As the screenwriter of "Anonymous," the Roland Emmerich film about the Shakespeare authorship question now in production, I read with great interest James Shapiro's April 11 Times Op-Ed article, "Alas, poor Shakespeare."
I was particularly fascinated by Shapiro's claim that U.S. Supreme Court Justices William J. Brennan Jr., Harry Blackmun and John Paul Stevens ruled "unanimously for Shakespeare and against the Earl of Oxford" in a 1987 moot court case.
Shapiro has, at best, oversimplified the facts.
In fact, Brennan, the senior justice on the case, did not rule on whether Shakespeare actually wrote the plays; he simply ruled that the Earl of Oxford did not meet the burden of proof required under the law.
Blackmun agreed, but then added, "That's the legal answer. Whether it is the
causes me greater doubt" (emphasis mine).
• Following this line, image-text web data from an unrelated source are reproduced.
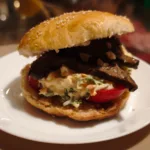 Sandwich cu muschi de vita si varza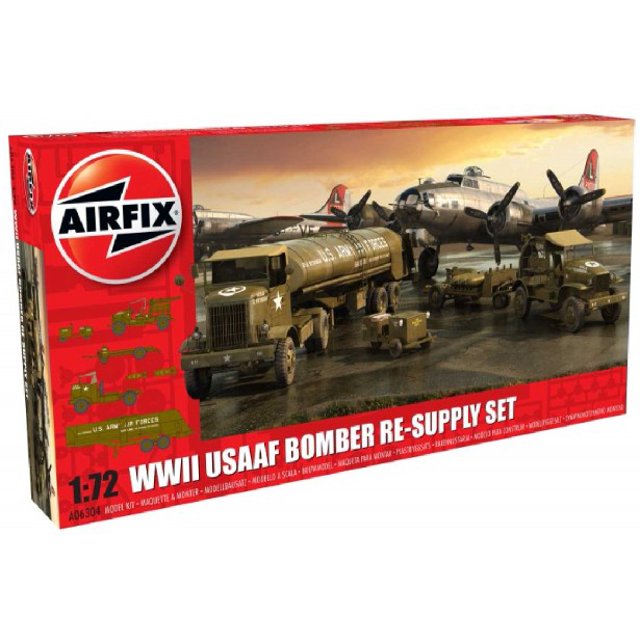 Ensemble de Réapprovisionnement de Bombardier USAAF 1/72 WWII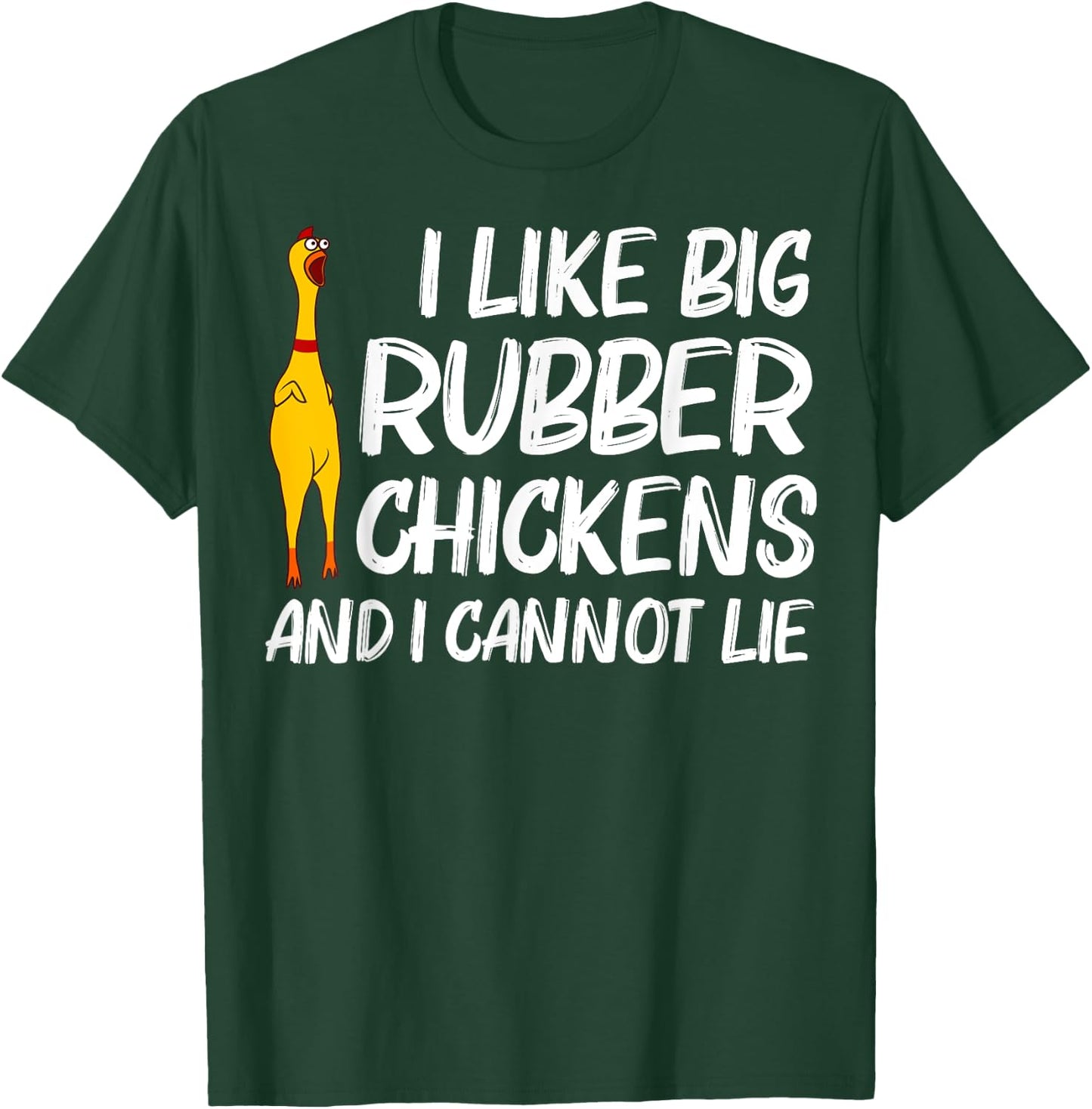 Funny Rubber Chicken Gift Men Women Rubber Chicken Costume T-Shirt - T-Shirt | Forest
Stevens went even further, saying: "I have lingering concerns. . . . You can't help but have these gnawing doubts that this great author may perhaps have been someone else. . . . I would tend to draw the inference that the author of these plays was a nobleman. . . . There is a high probability that it was Edward de Vere [the Earl of Oxford]."
I would hardly characterize these as opinions "unanimously for Shakespeare and against the Earl of Oxford."
Shapiro goes on to suggest that the justices "obviously" found against Oxford because he "died in 1604, [and] he could not have written . . . 10 or so plays."
In fact, historians do not know the precise dating of any of the plays; they only make best guesses. And entirely opposite to Shapiro's claim, Stevens actually stated that he was "not persuaded by the evidence on dating of the plays, because this is sort of a self-generating thing, where some of the dates were established on the assumption that Shakespeare was in fact the author."
Shapiro claimed that our film does a disservice to Shakespeare's legacy and devalues his imagination.
Now, setting aside the fact that we haven't yet finished shooting our film (and one must therefore assume that Shapiro hasn't seen it), I would say our film aspires to do quite the opposite.
Finally, I would ask Shapiro the following: Does he really think so little of the 37 plays and 154 sonnets -- and the genius who wrote them -- that he believes one film could possibly destroy their 400-year-old legacy?
I would respectfully suggest no. That legacy is quite safe, whoever wrote the plays.